If you take it from the dryer promptly or line dry, you can minimize wrinkles, otherwise, press out any wrinkles and use starch if needed to
If your fabric is 51-58″ from selvage to selvage your should mimic the layout and cutting diagram on page 4. If you fabric is more narrow you may need to adjust, you should always maintain direction and pay attention to which direction on a print you are treating as the top.
Marking darts and notches
I cheat and cut them on one end and the fold it to use chalk to mark things. Because of how I mark, I fold my fabric wrong side out when I cut on the fold, so that my chalk or disappearing market will be on the inside.
How To Cut
You can cut with your fabric right sides out,
My preferred method, is to use pattern weights, a rotary cutter and a large rotary cutting mat. I work on a hardwood floor, crawling around, cause then I don’t have to fight gravity. I use the rotary utter to carefully cut the fabric right at the edge of the paper line.

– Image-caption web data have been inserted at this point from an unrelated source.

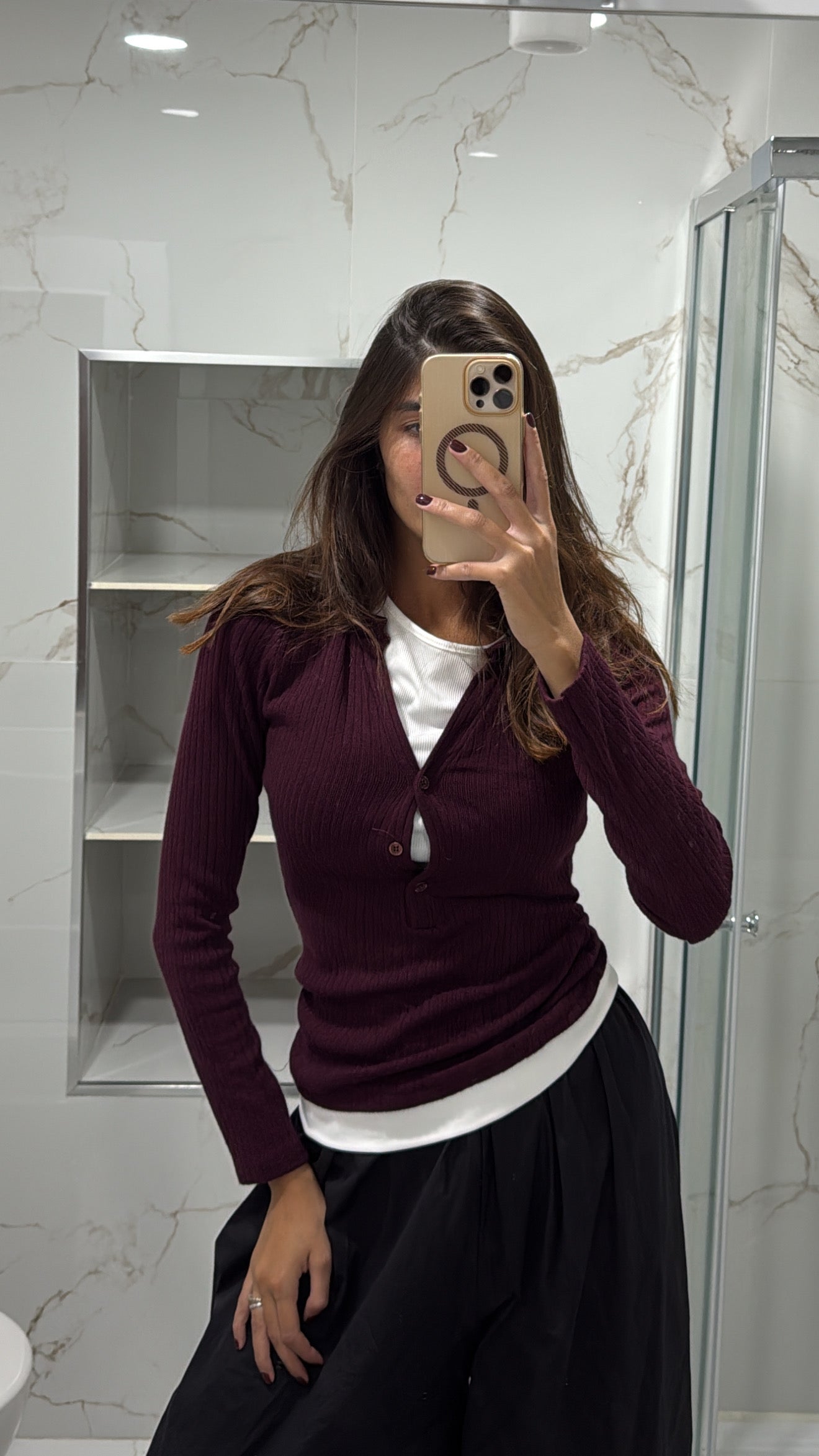 Maglia doppia bordeaux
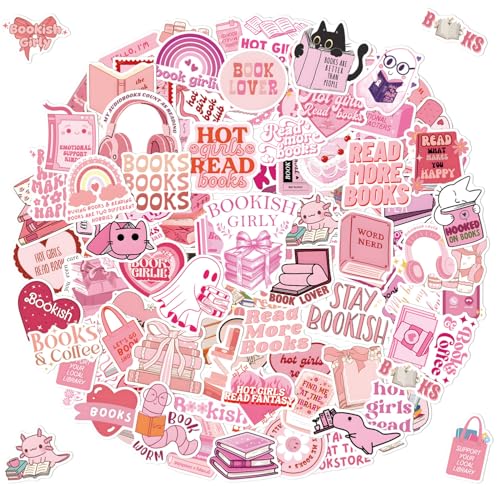 Tixlux 120 Stück Buch-Sticker für Kindle, Buchliebhaber Sticker, Lustige Wasserdichte Vinyl Aufkleber für Leserinnen und Erwachsene, Wasserflasche Laptop Goodie Bag - Pink Bookish Tixlux 120 Stück Buch-Sticker für Kindle, Buchliebhaber Sticker, Lustige Wasserdichte Vinyl Aufkleber für Leserinnen und Erwachsene, Wasserflasche Laptop Goodie Bag - Pink Bookish von Tixlux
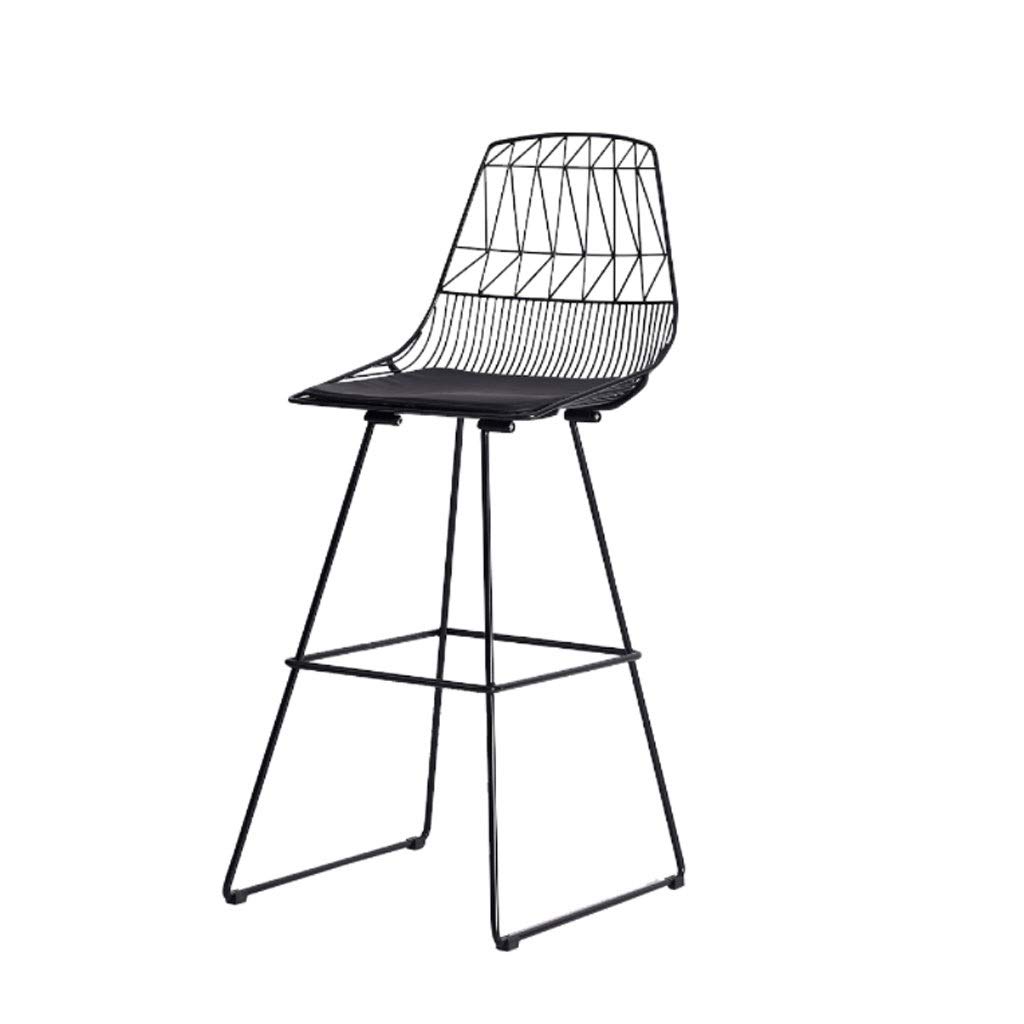 Modern Black Metal Bar Stools with Simple Backrest - Adjustable Height Multifunctional Kitchen & Coffee Lounge Stools for Home, Cafe & Office Use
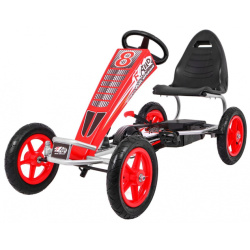 Gokart Full Ahead AIR na pedały dla dzieci 3 Czerwony Regulacja siedziska Pompowane koła Hamulec ręczny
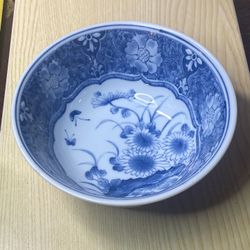 Porcelain Blue And White Sunflower Pattern Floral Rice Bowl Japan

Should I stay-stitch the arm and neck holes?
If your fabric is slinky or stretchy or cut on the bias (which a neck and arm hole is) you may need to do a basting stitch called stay stitching. I would worry about that on future projects. Just when you move your fabric around, use both hands, be careful and don’t drape it and let it pull.
If you want to use a different piece on the back, or back yoke or combination you can, just make sure you stick with the correct patten layout and grain line direction. A contrasting yoke is a great way to use scraps and that little extra is often the opener for the random “I love your top!”
Now, repeat after me, your new favorite response, “Thanks, I made it!”